With this group, of course, effort rarely has been a problem regardless the sport. Shane Stonemetz, Kelly Anderson, Duran Torrez, Justin Ross and Drew Affholter, Burge’s starting five, all were mainstays on coach Terry Duncan’s football team that went 12-0 and advanced to the state title game before falling to Archbishop Murphy.

From a purely basketball perspective, though, the Leopards were so committed and so competitive last fall that they probably reduced their basketball potential. From a purely basketball perspective, they might have become too good at football for their own good.

Although Zillah usually makes the playoffs in football, it rarely extends its season into December as it did last year.

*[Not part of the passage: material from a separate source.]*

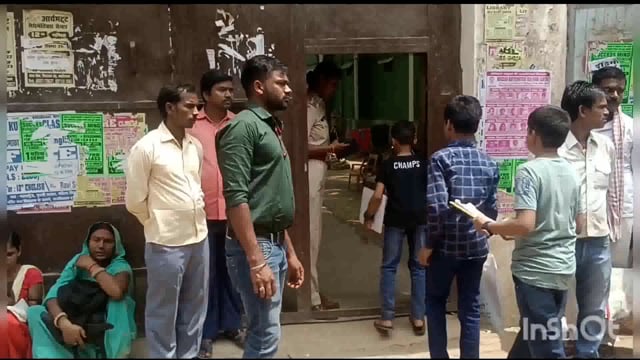 बड़हिया जवाहर नवोदय विद्यालय छठीवर्ग के प्रवेश को लेकर जिला मुख्यालय पर बनाए गए छह परीक्षा केंद्रों पर ली जा रही परीक्षा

So basketball practices, for the whole team, started later, schedules were altered and it took the players longer to evolve from football players into basketball players, and longer to gel as a basketball team.

There was also senior Nick Collins, who missed the 13 games while recovering from a football-related back problem.

Consequently, a Leopards squad with most key components back from last season’s state qualifier, did things that were unexpected.

It lost its first league game, at home, to White Swan. It lost its last league game, at home, to a Goldendale team which didn’t make district, finishing an uneven regular season with a 15-5 record.

Burge and others who had patiently waited for things to fall into place then began to wonder if they ever would. And suddenly the school’s record 13-year state tournament qualification streak seemed in jeopardy.

Then, in Zillah’s first district tournament game at Dayton, it happened.

Having struggled for much of the game, the Leopards exploded for a 21-1 second-half run that culminated in a 46-28 victory.

Next came a semifinal victory over Granger, which had beaten Zillah twice, and then a championship win over White Swan.

“The game at Dayton, during the run we put together, we played really good defense and did the things we’ve tried all season to do,” Burge said.

Torrez, a football fullback and the basketball team’s leading scorer at 15.8 points a game, said it took awhile for players to find and become comfortable in their roles.

“I think early in the year, we had different people trying to do too many things,” he said. “Once we got things straightened out, we started playing a lot better as a team. But it was difficult, after football. We were playing nonleague games in the middle of our league season and different things like that. The adjustment was tough.”

But one that was made nonetheless.

“We were starting to wonder,” Burge said. “For awhile people were questioning whether we’d even get here.”

They did. And even though Zillah’s basketball Leopards lost Thursday, they showed they belonged.

Even if they are mostly football players.